Abel desvía la mirada hacia la plaza. En un parque infantil cercano, un niño se desliza por un tobogán bajo la mirada paciente de una mujer de pelo entrecano. La mujer se agacha con dificultad, pero coge al niño antes de que toque el suelo.

—No hablas nunca de tu madre…

Catarina deja la servilleta arrugada sobre la mesa.

—Era mucho más joven que mi padre y había sido una de sus mejores alumnas. —Su tono se ha endurecido—. Pertenecía a una familia de izquierdas. Su padre era un líder anarquista, Afonso Coutinho. Mi madre no llegó a conocerlo, lo detuvieron cuando ella estaba a punto de nacer y murió en la cárcel tres años después. Dicen que se suicidó, pero en tiempos de Salazar nunca estaba claro.

—Aquí también sabemos algo de eso.

—Es posible que mi madre también se suicidara.

—¿Cómo? —Abel vuelve a notar una sacudida.

—Se mató en un accidente de tráfico. Iba sola y se estrelló en una recta, a pleno día.

—A ver si lo entiendo. —Abel parece abrumado—. Primero muere tu abuelo en la cárcel, luego desaparece Nuno, tu padre viaja a La Raya para aclarar lo que le sucedió y a su vuelta tu madre se mata en un accidente. Da la impresión de que se trata de hechos encadenados.

—Eso creo. —Catarina mira el reloj con gesto nervioso, dispuesta a levantarse.

—Espera, todavía no me has contado tu programa de viaje —se anticipa Abel—. Gonzalo me adelantó algo hace un par de días, en una de nuestras conversaciones de plasma.

—Con Gonzalo hablo por Skype todas las noches. Fingimos estar sentados en la misma mesa, como si no hubiera miles de kilómetros de por medio.

—Maravillas de las nuevas tecnologías.

—Te habrá contado que el periódico quiere publicar un reportaje sobre los últimos días del general, paso a paso. Haré un recorrido por La Raya y se irá volcando en la edición digital sobre la marcha, de manera que los lectores pueden interactuar durante el viaje. Y mientras, trataré de aclarar qué pasó con Nuno.

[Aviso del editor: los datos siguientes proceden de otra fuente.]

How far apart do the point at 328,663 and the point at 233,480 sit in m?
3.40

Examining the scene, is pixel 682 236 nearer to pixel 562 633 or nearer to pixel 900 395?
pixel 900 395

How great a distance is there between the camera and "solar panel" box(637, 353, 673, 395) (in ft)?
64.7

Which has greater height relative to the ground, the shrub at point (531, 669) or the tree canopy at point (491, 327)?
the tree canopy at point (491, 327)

Abel observa distraídamente al joven de la tablet, que continúa atento a su pantalla.

—¿Estuviste con tu padre en Villanueva del Fresno?

—No, ¿por qué?

—El sumario recoge el testimonio de un vecino que habla como de pasada de un contrabandista muerto. En febrero, coincidiendo con la desaparición de Nuno.

—¿Podría ser él?

—El nombre del muerto no aparece por ninguna parte. Ni en el sumario ni en la prensa de Badajoz —añade Abel—. Y eso me desconcierta.

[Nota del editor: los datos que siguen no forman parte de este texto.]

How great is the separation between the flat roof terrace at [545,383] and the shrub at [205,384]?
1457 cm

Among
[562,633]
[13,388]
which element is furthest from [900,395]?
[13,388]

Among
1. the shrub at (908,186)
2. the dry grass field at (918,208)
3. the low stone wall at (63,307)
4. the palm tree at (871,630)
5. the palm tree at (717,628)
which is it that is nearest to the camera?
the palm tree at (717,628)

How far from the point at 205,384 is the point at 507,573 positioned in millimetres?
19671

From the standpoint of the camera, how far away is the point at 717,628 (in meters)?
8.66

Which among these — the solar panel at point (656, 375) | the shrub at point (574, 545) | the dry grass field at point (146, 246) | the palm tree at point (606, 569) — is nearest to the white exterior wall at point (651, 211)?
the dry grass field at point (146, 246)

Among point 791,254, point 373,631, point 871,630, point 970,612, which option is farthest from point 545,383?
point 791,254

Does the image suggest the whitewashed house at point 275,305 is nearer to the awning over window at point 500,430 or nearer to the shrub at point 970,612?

—Ya tienes un motivo para volver a La Raya —apostilla Catarina.

Abel hace un gesto decidido en dirección a la barra, pidiendo la cuenta.

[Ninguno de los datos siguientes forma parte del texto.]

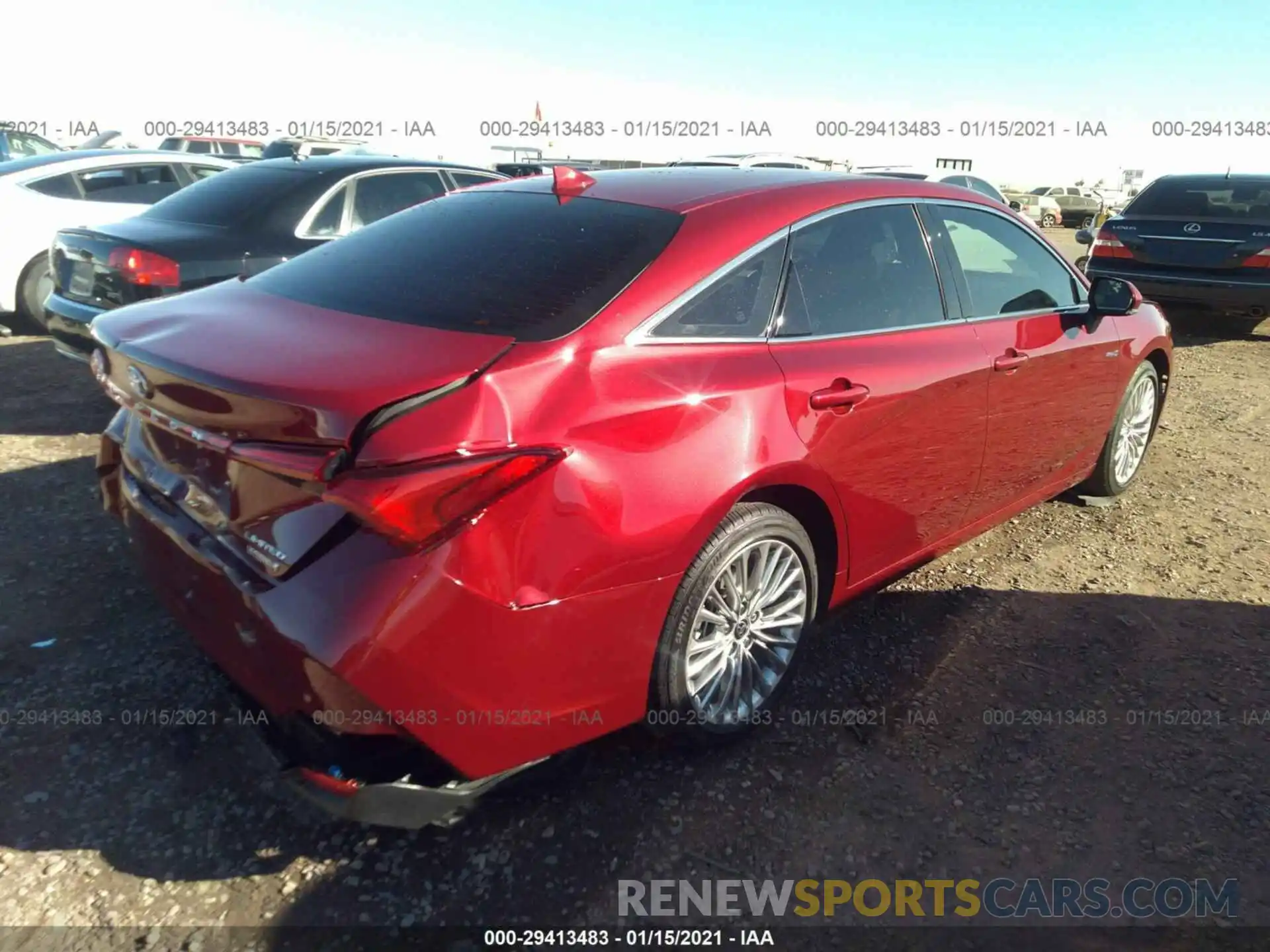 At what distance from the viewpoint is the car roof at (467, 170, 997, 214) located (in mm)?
2844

—Si te acompaño, será al margen de tus jefes. Te ayudaré con las localizaciones de los sitios que tienes que fotografiar y aprovecharemos para hablar con gente que conozco, pero será de forma anónima. No quiero que mi nombre aparezca en el periódico.

Ella parece contrariada.

—Como quieras.

—También es mi forma de echarte una mano. Ya me ha quedado claro que para Gonzalo eres alguien especial. Si habláis todas las noches…

Muito obrigada.

—Agradéceselo a él —responde sonriendo por primera vez—. Si no te ayudo, es capaz de venir desde Mozambique para mandarme a la mierda.